Selon le journal américain, qui cite des sources ayant requis l’anonymat, « le général Alexus Grynkewich, commandant du EUCOM, a informé par écrit de hauts responsables du Pentagone que, faute d'un destroyer supplémentaire de la marine, il serait contraint de privilégier la défense du territoire américain au détriment de celle d'Israël ». Le Pentagone et le EUCOM n’ont pas répondu aux sollicitations du journal, qui n’a pas pu non plus joindre l’ambassade d’Israël à Washington.

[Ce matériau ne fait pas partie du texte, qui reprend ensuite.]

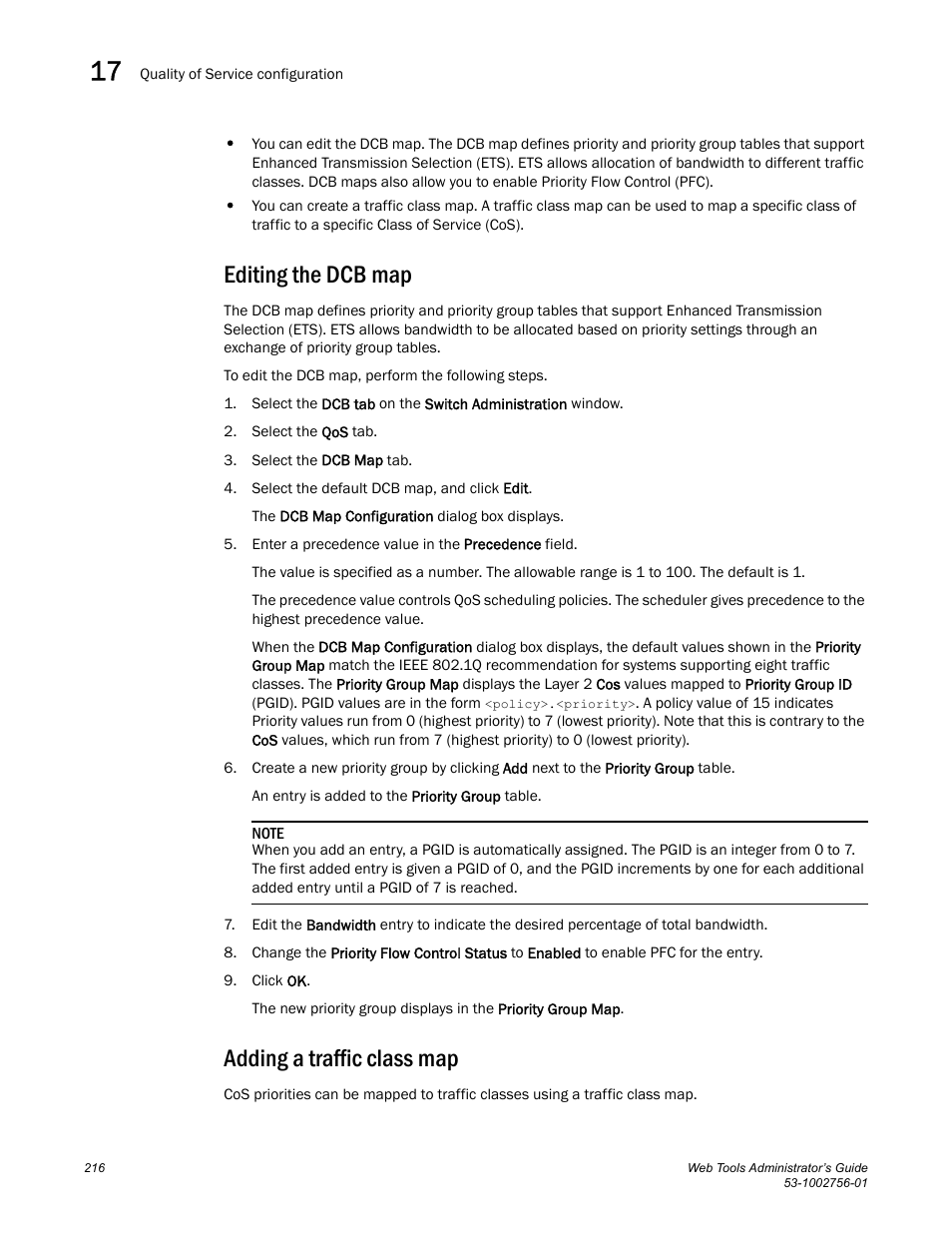 Editing the dcb map, Adding a traffic class map | Dell POWEREDGE M1000E User Manual | Page 244 / 268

Le président américain Donald Trump avait annoncé vendredi de nouvelles frappes contre l’Iran, et il n’est pas exclu que l’armée israélienne se joigne à l’armée américaine dans ce nouveau round, ce qui mettrait le territoire israélien de nouveau à risque d’être frappé par des missiles iraniens ou lancés par un des alliés de Téhéran. La guerre contre l’Iran, commencée le 28 février, avait impliqué les deux alliés, mais l’armée israélienne a été exclue de la dernière escalade. Ce n’est pas la première fois que des sources américaines évoquent un manque de munitions après les frappes intenses menées contre le territoire iranien.